= Instructions for the task =
When you reach the line that contains "Pod Salt Core", begin copying exactly, and continue through the last line of the data; no pictures belong in the copy.

▼

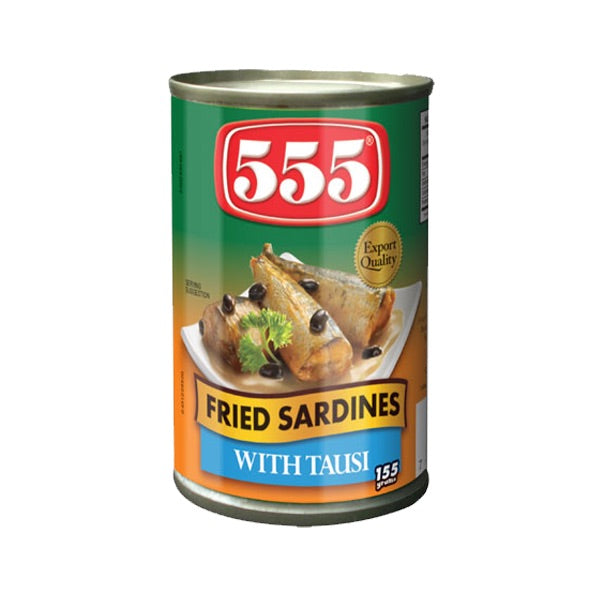 555 Sardines Fried w/ Tausi 155g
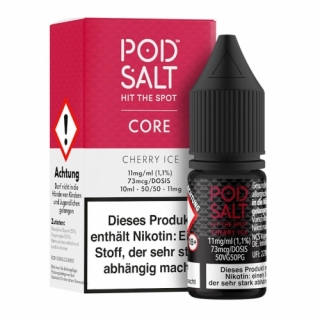 Pod Salt Core - Cherry Ice Liquid 10ml 11mg/ml Nikotinsalz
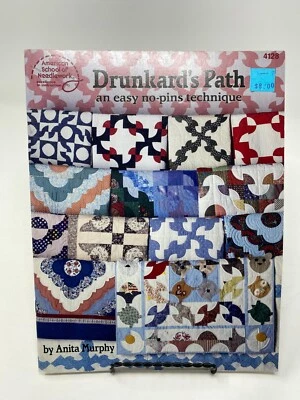 American School Of Needlework Drunkards Path An Easy No-Pins Technique Quilt - Image 1 of 4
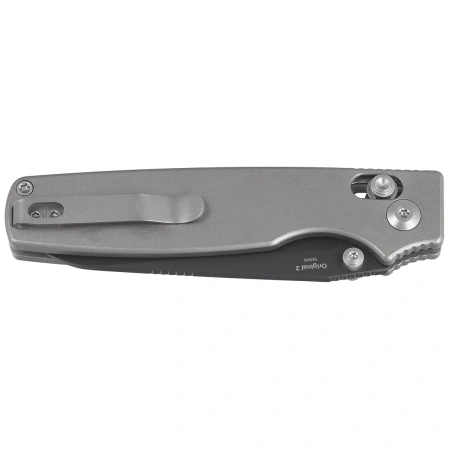 Nóż składany Kizer Original 2 Gray Titanium, Matte DLC Ultra S45VN (Ki3605.2SA1)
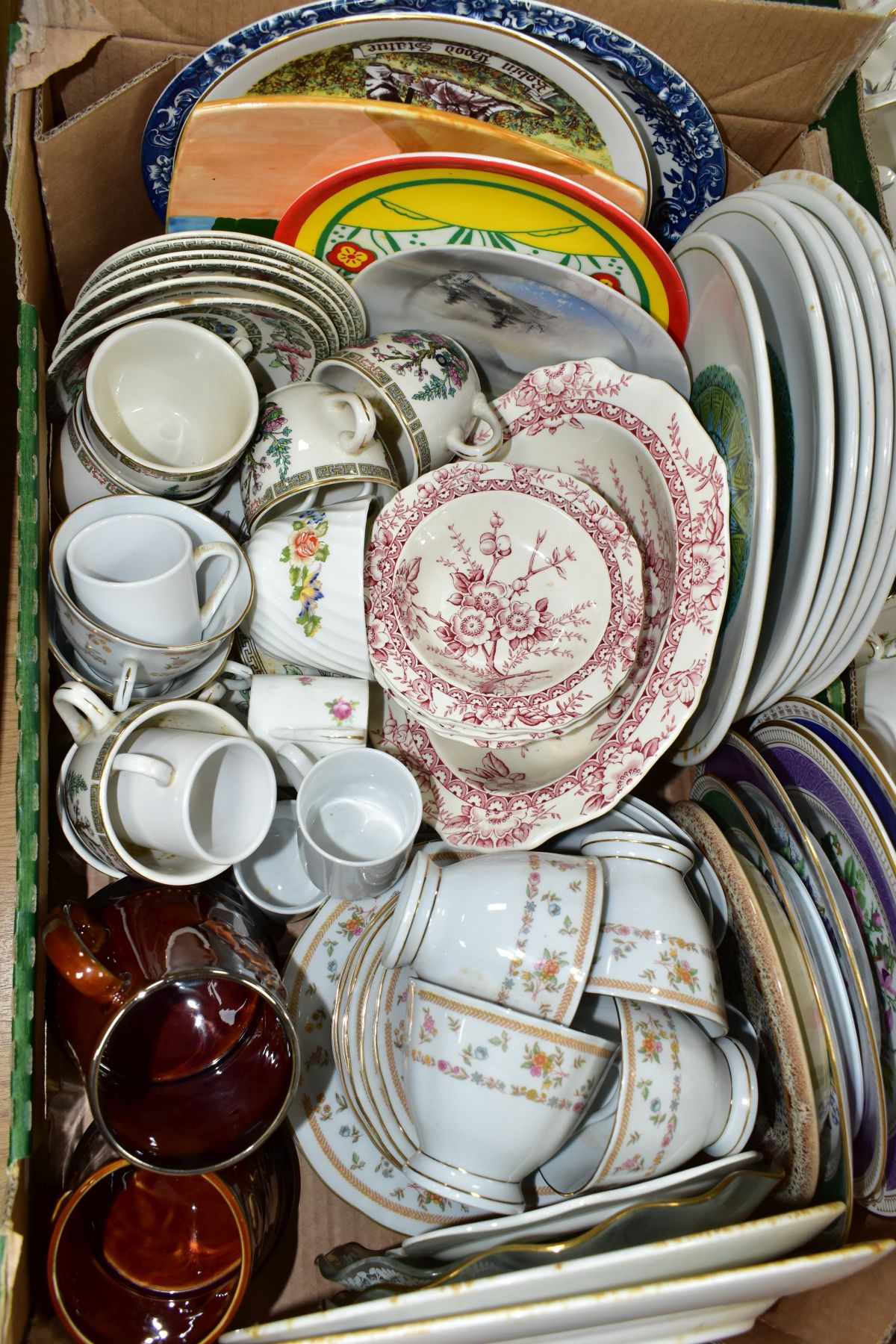 TWO BOXES OF ASSORTED ROYAL ALBERT TEA WARES WITH A BOX OF OTHER CERAMIC WARES, approximately one - Image 6 of 7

▲

= Result of the exercise =
 Pod Salt Core - Cherry Ice Liquid 10ml 11mg/ml Nikotinsalz
 American School Of Needlework Drunkards Path An Easy No-Pins Technique Quilt - Image 1 of 4
 Nóż składany Kizer Original 2 Gray Titanium, Matte DLC Ultra S45VN (Ki3605.2SA1)
 TWO BOXES OF ASSORTED ROYAL ALBERT TEA WARES WITH A BOX OF OTHER CERAMIC WARES, approximately one - Image 6 of 7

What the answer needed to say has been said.